Materials and Methods

Spatial Variation in Environmental Factors of the Permafrost Region

A digital elevation model with 250-m spatial resolution was obtained from the US Geological Survey (Danielson and Gesch, 2011). Elevations ranged from sea level to 6,130 m in the northern circumpolar region. The digital elevation model was used to calculate seven major topographic attributes (elevation, slope, aspect, flow accumulation, topographic wetness index, sediment transport index, and stream power index) to evaluate their use in predicting the spatial variation of surface SOC stocks. Average annual (1960–1990) precipitation and temperature data at 1-km spatial resolution were obtained from the global climate data of Hijmans et al. (2005). This interpolated dataset was generated for global land surfaces using latitude, longitude and elevation as independent variables. In the northern circumpolar region, average annual precipitation ranged from 52 mm in the Russian Arctic Desert to 2,956 mm in southeast Greenland. Average annual temperatures were lowest in northern Canada and Greenland (−28° to −20°C) and highest in southern Canada (3° to –10°C).

Global land cover data at 250-m spatial resolution were obtained from the European Space Agency (Glob cover, 2009). Of the total land area in the northern circumpolar region, Needleleaf mixed forest covered 31%, sparse vegetation covered 27%, permanent snow and ice covered 11%, and shrub land covered 7%. The bedrock geology data was obtained from the global lithological map produced by Hartmann and Moosdorf (2012). In the northern circumpolar region, the largest proportion of land area had mixed sedimentary rocks (24.7%), followed by siliciclastic sedimentary rocks (19%), metamorphic rocks (12.4%), and ice and glaciers (12.1%). The smallest proportions of land area were underlain by evaporates (0.05%), pyroclastics (0.37%), and acid volcanic rocks (0.73%). For this study, we resampled all the environmental data into a common spatial resolution of 250 m. Continuous environmental variables were resampled using bilinear interpolation and categorical variables were resampled using nearest neighbor resampling technique by using the resample function of ArcGIS (ArcGIS version 10.4, Environmental Systems Research Institute, Inc., Redlands, CA, United States). The soil type information of the study area was obtained from the soil order map of Tarnocai et al. (2009). The largest soil area in the study domain was under Gelisols (57%), followed by Histosols (5%), and remaining mineral soils Spodosols, Inceptisols, Mollisols, Entisols, Alfisols, Andisols, and Aridisols covered 38% soil area.
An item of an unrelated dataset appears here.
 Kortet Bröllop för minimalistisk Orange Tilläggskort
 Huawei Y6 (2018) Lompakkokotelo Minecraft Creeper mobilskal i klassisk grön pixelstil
Soil Organic Carbon Profile Observations and Their Distribution Across Environmental Factors

We compiled and updated the existing SOC data for permafrost affected soils from various sources. In addition to the SOC data used by Michaelson et al. (2013), Hugelius et al. (2014), Palmtag et al. (2015), Siewert et al. (2015), and Vitharana et al. (2017), we collected additional georeferenced SOC profile observations from individual investigators from Canada, Russia, South Korea, and Sweden. Figure 1 shows the spatial distribution of SOC profile observations across the study area.

FIGURE 1

FIGURE 1. Study area and distribution of soil samples (n = 2,374). Green dots show distribution of soil organic carbon (SOC) observations across different permafrost types of the Northern circumpolar permafrost region.

FIGURE 2

FIGURE 2. Histogram and descriptive statistics of surface soil organic carbon stocks (0–30 cm) observations used in this study (n = 2,374).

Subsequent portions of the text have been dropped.